Mehr als sportlich muss Bürgermeister Just nun den Antrag der GLH behandeln und die damit verbundenen Probleme.
Denn es geht um das „Binnenverhältnis“ zum „Kollegen“ Kessler, um das der Gemeinden und ihrer vielfältigen Beziehungen. Es geht um die Glaubwürdigkeit Justs, seine Verantwortung für die Gemeinde, es geht um all die, die in die „Gemeinsamkeiten“ involviert sind. Das sind viele Problem auf einmal.
Taktischer Fehler?
Die sich auch vielleicht ohne Beschluss lösen. Denn in Heddesheim ist die „Pfenning“-Satzung noch nicht in Kraft getreten, weil noch nicht veröffentlicht. Sollte der Antrag der GLH hier „Panik auslösen“, wäre es sicher möglich, das Verfahren in letzter Sekunde anzuhalten, den Grund für ein „Normenkontrollverfahren“ auszumerzen und die Satzung neu aufzusetzen.
Dann hätte die GLH, die „Pfenning“ nicht will, oder zumindest nicht ohne Zusagen, verloren, weil sie zu früh agiert hätte.
Vielleicht zieht die Heddesheimer „Pfenning“-Mehrheit auch den Stiefel durch und verlässt sich auf ein gutes „Bürgermeister-Verhältnis“ und die „Solidarität“ der Parteigänger.
Bislang ist aber kein Angebot bekannt, wieso sich ein CDU-, SPD-, FDP-Parteifreund auf Nachteile für sich einlassen sollte. Die Freien Wähler haben keine „Beziehung“ auf dieser politischen Ebene nach Heddesheim, auch wenn man sie tendenziell bei der CDU verorten mag.
Solidarität ist gefordert. Für wen? Das eigene oder das Gemeinwohl?
Zum Schluss bleibt die Frage, ob das von der GLH beantragte Verfahren auch Chancen hat. Je weniger durchdacht das ist, umso mehr Angriffsfläche für „Solidaritäten“ bieten sich. Man würde ja gerne zustimmen, wenn nicht die „rechtlichen Bedenken“ im Raum ständen, wird dann nicht in der Sache, sondern in Sachen Partei taktiert werden. Die anderen wären damit „fein raus“.
Das sind sie nicht. Wenn der Antrag der GLH rechtliche Mängel in der Formulierung und Begründung haben sollte und dies erkannt wird, sind sowohl der verantwortliche Bürgermeister Manuel Just und die anderen Fraktionen in der Pflicht, dies zu „heilen“ und/oder selbst einen Antrag zu stellen, der die berechtigten Sorgen der Hirschberger Bevölkerung „vollumfänglich“ berücksichtigt.

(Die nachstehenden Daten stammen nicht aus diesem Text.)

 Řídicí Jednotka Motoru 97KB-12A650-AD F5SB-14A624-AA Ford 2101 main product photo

Denn sonst handeln diese Verantwortlichen weder zum Wohl noch zur Abwehr von Nachteilen für ihre Gemeinde.
Deswegen darf man gespannt sein, wie Bürgermeister Just und die anderen Mitglieder des Gemeinderats mit dem Antrag umgehen.
Es gibt keine Ausreden.
Der Antrag der GLH hat sicherlich juristische Schwächen.
Wird er in dieser Art unterstützt, werden sich die „Unterstützer“ rausreden: „Wir waren dabei. Was können wir dafür, dass ihr Mist gebaut habt.“
Wird er abgelehnt, wird es heißen: „Das konnten wir nicht unterstützen.“
In beiden Fällen wird die Frage nicht gestellt werden: „Was haben wir getan, um unsere Gemeinde zu schützen?“
Die Frage, was Bürgermeister Just und die anderen Fraktionen tun, um der Intention des „grünen Antrags“ zu folgen, Schaden von der Gemeinde abzuwehren, darf und muss und wird gestellt werden.

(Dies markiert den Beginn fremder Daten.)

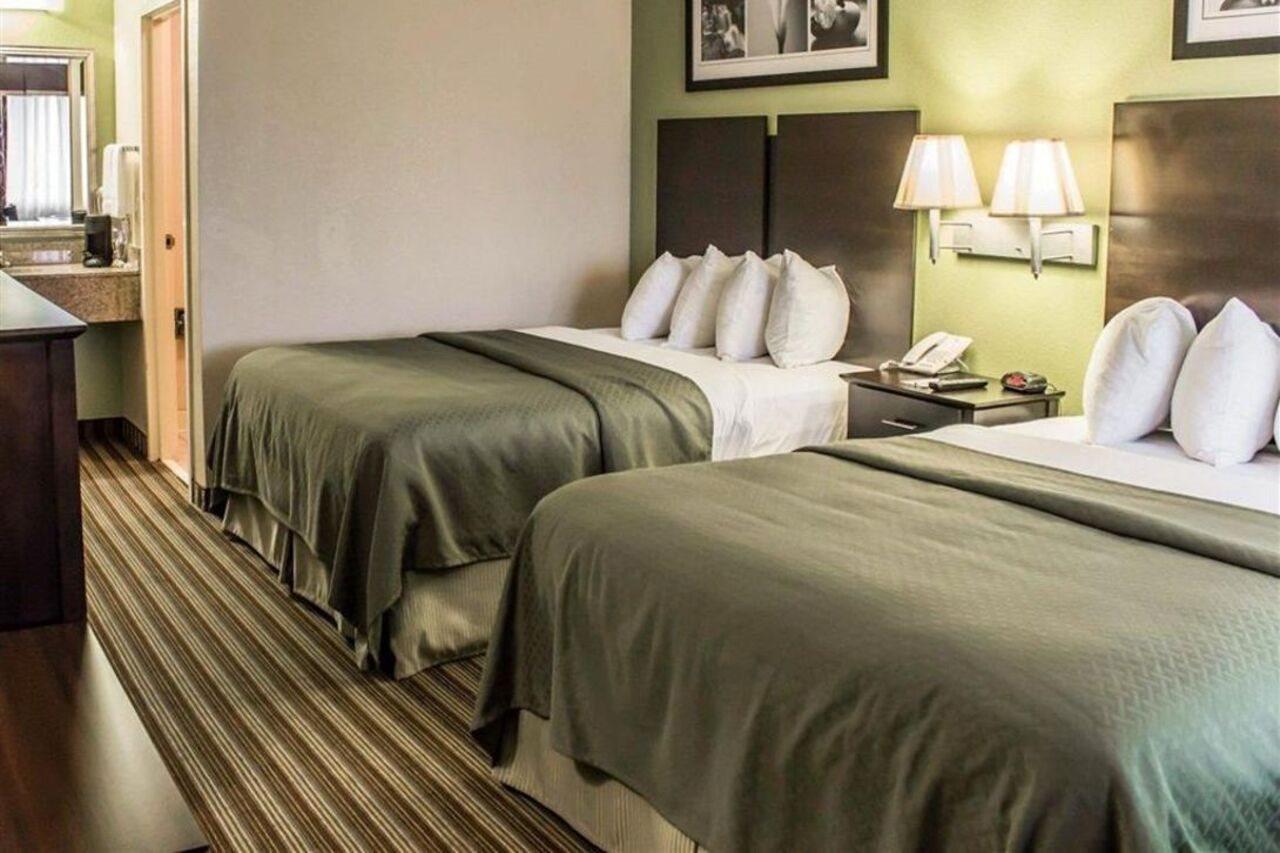 Quality Inn Kenly I-95 Ngoại thất bức ảnh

Was bleibt, ist Selbstschutz.
Auch die „gute Nachbarschaft“ steht auf dem Spiel.
Verantwortlich für alle den Schaden und die Dilemmas ist Bürgermeister Michael Kessler aus Heddesheim, der keinen Zweifel daran lässt, dass er „Pfenning“ durchziehen will – ohne Rücksicht auf Verluste. Ihm zur Seite stehen elf Gemeinderäte der CDU, SPD und FDP, die nichts unternommen haben, um die Gräben im Dorf zu verhindern und sogar gewillt sind, die Gräben zwischen den Gemeinden auszuheben.
Vollständig „verantwortungslos“ im Rausch der kleinen Mehrheit. Im klaren Bewusstsein, das Verhältnis der Gemeinden auf Jahrzehnte hinaus massiv zu beschädigen.

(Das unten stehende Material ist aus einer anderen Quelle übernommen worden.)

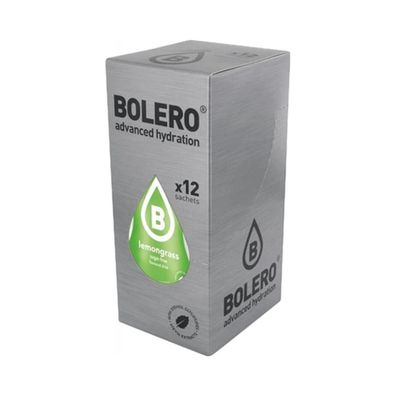 Bolero Classic (12x9g) Lemongrass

Denn das Vorhaben „Pfenning“ wirft längst seine Schatten über Heddesheim hinaus.
Eine ordentliche Behandlung von Seiten der „Pfenning“-Befürworter kann Hirschberg nicht mehr erwarten. Das einzige, was bleibt, ist der Selbstschutz.
Denn: Für Hirschberg geht es um Schadensabwehr – Vorteile gibt es keine.